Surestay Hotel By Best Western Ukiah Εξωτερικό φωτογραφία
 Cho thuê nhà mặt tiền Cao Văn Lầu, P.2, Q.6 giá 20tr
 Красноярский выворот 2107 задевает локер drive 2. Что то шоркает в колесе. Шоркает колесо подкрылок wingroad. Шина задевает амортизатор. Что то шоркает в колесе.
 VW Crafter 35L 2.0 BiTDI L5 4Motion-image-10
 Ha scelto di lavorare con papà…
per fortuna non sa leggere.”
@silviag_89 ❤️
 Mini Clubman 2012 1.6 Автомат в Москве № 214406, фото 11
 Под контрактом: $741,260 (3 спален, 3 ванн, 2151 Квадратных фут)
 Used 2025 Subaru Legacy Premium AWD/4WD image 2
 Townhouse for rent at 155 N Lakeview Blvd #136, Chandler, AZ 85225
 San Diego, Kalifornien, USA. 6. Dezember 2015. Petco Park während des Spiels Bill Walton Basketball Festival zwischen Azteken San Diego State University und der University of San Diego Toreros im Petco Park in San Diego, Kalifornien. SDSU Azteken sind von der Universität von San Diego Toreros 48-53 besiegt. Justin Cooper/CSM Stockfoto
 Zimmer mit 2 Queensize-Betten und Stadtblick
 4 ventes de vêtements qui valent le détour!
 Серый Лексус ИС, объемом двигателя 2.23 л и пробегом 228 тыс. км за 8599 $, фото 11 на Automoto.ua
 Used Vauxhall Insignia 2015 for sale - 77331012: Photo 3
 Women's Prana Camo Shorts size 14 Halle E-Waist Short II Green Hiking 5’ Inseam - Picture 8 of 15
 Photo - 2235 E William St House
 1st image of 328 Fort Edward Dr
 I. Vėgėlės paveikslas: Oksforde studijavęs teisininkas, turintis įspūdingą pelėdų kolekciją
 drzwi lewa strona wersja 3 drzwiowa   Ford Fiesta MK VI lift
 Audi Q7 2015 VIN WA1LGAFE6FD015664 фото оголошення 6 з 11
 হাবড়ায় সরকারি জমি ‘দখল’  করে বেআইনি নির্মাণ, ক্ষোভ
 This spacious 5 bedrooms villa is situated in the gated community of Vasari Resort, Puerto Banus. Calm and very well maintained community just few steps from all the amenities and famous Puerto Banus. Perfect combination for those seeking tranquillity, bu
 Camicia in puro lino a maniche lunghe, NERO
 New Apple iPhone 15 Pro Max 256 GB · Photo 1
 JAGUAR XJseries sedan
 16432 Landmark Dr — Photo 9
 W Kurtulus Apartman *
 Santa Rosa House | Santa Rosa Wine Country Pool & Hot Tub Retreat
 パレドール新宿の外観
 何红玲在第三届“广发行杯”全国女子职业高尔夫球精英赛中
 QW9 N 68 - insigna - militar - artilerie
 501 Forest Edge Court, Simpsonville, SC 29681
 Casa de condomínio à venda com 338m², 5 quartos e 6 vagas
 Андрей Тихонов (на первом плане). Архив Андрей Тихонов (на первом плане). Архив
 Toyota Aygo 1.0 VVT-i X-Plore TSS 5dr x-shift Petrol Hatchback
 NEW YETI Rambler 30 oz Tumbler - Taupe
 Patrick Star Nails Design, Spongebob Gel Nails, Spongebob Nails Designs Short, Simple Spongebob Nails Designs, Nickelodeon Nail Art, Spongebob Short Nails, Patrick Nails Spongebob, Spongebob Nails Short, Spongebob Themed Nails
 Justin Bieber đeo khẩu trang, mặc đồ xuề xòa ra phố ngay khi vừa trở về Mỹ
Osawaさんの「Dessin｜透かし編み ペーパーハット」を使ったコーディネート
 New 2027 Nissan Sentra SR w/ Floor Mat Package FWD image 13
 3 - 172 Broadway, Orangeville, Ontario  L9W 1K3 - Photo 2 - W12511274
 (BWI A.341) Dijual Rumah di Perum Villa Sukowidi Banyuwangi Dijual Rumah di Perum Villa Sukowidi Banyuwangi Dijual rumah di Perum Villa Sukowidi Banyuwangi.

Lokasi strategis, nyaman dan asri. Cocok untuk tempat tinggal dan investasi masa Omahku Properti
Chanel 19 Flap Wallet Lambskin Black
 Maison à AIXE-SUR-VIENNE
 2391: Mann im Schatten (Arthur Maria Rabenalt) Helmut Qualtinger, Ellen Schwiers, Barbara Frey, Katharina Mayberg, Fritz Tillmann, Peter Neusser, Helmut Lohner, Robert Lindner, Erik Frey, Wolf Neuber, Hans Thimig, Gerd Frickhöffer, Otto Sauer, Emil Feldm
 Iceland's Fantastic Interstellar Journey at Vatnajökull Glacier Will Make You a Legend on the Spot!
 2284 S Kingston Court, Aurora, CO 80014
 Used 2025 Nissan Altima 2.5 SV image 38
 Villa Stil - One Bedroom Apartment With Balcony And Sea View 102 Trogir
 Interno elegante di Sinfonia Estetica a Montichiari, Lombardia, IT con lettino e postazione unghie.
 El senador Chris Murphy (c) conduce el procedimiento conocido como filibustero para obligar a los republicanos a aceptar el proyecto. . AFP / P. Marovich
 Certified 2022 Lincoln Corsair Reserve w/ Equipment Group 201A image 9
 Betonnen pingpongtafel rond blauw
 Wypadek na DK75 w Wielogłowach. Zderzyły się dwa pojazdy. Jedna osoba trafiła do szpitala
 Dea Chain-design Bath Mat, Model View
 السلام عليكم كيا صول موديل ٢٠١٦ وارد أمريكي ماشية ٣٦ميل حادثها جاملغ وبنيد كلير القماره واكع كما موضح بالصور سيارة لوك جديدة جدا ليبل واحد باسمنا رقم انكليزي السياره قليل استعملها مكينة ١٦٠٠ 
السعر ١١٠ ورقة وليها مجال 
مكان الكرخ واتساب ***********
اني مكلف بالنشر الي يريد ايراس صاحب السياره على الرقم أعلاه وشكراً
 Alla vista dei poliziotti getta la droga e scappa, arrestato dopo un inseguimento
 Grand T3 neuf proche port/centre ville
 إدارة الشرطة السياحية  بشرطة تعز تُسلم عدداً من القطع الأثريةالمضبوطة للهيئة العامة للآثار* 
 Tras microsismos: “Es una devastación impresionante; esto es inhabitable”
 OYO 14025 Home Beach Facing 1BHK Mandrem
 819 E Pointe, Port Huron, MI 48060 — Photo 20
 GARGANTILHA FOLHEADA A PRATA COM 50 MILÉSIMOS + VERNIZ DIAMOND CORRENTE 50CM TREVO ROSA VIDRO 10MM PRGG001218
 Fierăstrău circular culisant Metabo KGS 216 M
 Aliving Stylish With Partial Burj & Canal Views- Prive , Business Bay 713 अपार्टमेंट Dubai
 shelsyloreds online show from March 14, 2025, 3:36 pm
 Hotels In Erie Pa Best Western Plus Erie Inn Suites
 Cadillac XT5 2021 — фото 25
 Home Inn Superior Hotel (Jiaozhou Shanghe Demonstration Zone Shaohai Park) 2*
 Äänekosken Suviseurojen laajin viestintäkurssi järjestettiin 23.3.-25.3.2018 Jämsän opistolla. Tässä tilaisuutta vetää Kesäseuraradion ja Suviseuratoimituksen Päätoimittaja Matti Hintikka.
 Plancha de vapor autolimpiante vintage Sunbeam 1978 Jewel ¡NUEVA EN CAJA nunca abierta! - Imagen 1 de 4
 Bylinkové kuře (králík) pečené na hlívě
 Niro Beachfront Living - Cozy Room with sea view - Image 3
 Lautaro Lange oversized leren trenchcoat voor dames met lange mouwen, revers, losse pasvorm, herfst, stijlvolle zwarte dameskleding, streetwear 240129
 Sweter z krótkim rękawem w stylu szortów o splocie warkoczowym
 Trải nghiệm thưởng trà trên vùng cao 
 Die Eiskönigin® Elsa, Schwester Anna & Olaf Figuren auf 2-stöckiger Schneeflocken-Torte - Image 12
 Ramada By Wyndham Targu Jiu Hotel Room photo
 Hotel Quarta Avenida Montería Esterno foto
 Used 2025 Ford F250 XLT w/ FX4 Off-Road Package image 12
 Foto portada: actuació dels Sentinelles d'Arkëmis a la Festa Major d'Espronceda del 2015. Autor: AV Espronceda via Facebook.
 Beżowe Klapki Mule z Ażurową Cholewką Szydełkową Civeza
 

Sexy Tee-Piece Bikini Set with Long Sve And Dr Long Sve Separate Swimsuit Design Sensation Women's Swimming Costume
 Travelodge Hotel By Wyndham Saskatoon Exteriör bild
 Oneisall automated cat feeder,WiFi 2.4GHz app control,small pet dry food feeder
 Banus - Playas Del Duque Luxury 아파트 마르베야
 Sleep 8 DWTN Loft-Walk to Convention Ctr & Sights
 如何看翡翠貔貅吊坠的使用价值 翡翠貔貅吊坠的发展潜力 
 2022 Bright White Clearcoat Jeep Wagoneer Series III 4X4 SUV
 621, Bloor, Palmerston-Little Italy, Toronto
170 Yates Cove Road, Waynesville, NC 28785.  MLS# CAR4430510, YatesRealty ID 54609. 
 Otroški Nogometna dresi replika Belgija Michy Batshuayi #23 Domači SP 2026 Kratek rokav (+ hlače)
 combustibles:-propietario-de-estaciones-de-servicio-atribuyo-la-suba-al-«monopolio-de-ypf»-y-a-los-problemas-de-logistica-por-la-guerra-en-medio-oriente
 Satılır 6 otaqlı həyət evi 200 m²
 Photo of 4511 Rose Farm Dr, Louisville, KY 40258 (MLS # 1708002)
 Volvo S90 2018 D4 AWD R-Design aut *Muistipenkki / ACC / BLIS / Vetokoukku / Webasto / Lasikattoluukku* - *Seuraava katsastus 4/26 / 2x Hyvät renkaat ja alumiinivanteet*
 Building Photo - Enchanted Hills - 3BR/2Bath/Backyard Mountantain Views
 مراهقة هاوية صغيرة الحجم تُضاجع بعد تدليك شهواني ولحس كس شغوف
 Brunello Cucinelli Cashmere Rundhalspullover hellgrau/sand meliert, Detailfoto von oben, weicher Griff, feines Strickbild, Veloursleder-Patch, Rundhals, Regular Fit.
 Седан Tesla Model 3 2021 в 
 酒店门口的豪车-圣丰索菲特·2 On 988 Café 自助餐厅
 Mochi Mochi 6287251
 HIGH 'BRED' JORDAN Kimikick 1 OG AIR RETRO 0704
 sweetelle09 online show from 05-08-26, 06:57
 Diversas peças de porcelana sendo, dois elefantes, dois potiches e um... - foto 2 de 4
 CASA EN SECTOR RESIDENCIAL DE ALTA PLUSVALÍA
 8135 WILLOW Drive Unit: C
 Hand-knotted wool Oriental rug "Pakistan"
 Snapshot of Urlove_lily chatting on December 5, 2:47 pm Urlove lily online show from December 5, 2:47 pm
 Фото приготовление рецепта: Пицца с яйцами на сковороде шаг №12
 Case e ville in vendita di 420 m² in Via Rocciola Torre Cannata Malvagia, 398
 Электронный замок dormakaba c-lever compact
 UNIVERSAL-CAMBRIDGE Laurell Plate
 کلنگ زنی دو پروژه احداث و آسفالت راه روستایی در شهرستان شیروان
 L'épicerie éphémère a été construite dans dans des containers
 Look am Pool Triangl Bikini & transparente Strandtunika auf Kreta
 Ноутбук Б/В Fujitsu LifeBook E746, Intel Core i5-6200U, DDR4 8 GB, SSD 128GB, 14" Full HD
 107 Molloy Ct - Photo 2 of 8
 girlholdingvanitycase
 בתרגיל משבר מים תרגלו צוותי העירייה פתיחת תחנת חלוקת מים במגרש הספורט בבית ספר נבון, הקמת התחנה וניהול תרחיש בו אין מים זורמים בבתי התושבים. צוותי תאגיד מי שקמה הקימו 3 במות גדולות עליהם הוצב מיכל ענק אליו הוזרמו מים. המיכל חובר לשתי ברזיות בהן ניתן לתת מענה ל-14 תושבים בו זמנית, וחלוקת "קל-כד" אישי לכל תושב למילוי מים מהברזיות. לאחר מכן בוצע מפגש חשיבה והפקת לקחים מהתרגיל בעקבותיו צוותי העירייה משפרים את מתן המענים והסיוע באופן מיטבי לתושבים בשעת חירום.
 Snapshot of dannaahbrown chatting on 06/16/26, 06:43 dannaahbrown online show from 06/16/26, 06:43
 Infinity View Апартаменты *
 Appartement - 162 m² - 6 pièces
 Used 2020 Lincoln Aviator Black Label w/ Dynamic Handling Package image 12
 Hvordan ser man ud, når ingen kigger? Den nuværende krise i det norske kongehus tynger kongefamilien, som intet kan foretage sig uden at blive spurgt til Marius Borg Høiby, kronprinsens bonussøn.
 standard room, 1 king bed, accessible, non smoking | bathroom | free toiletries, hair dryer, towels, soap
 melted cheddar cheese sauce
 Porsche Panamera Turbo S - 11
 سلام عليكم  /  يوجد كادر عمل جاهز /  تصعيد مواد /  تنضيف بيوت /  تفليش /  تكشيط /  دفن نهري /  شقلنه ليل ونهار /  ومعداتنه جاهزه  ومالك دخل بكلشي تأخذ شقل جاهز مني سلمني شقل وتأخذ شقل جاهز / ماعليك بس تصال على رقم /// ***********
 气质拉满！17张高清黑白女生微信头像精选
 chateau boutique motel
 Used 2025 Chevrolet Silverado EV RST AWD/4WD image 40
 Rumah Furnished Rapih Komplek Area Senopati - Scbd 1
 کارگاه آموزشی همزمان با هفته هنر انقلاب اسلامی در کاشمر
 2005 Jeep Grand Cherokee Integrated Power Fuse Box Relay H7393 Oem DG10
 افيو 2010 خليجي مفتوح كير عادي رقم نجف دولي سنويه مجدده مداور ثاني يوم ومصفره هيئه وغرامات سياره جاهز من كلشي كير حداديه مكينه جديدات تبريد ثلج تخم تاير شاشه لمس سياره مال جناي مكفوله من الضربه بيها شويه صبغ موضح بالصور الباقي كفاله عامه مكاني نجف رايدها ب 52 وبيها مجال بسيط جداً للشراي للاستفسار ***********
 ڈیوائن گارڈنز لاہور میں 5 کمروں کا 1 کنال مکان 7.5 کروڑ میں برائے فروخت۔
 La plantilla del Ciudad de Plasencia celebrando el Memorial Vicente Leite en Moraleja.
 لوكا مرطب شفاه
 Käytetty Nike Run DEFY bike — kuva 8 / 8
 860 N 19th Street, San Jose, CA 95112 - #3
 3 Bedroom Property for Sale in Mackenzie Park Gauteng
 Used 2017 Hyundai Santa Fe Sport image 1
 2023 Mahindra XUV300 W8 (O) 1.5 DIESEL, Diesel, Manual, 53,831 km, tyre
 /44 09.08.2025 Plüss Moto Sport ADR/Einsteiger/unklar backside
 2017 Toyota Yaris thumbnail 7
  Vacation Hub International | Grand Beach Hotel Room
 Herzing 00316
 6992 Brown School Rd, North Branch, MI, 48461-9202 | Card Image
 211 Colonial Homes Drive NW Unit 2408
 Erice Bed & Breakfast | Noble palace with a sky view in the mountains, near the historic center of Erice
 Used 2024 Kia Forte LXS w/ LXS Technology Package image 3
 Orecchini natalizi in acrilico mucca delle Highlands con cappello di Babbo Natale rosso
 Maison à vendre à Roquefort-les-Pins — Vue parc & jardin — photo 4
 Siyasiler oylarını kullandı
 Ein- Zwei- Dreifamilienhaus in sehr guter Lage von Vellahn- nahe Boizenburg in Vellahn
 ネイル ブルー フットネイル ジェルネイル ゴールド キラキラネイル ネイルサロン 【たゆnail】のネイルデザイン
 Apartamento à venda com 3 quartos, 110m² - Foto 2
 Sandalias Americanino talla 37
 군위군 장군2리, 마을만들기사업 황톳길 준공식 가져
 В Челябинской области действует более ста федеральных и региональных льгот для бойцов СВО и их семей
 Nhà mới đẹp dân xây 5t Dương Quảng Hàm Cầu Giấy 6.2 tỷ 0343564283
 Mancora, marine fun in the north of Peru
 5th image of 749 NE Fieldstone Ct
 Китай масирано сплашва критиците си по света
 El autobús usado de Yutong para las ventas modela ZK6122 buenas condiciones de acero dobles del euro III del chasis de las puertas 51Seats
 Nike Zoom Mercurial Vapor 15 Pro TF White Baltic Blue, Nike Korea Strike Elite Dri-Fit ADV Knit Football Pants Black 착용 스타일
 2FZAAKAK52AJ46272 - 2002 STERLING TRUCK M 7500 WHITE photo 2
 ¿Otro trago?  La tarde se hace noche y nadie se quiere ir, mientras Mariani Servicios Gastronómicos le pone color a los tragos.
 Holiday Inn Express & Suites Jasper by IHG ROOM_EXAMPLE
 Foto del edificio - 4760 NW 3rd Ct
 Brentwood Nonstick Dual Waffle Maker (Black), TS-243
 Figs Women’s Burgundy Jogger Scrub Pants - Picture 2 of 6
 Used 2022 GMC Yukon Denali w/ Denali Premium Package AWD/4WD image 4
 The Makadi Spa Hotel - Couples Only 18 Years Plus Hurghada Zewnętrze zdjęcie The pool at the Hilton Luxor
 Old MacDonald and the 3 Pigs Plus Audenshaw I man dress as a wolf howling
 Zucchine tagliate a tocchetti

What is needed
Return the lines above precisely as they appear, beginning at the first line and ending at the line with "Cho thuê nhà", and nothing after it.

Task solution
Surestay Hotel By Best Western Ukiah Εξωτερικό φωτογραφία
 Cho thuê nhà mặt tiền Cao Văn Lầu, P.2, Q.6 giá 20tr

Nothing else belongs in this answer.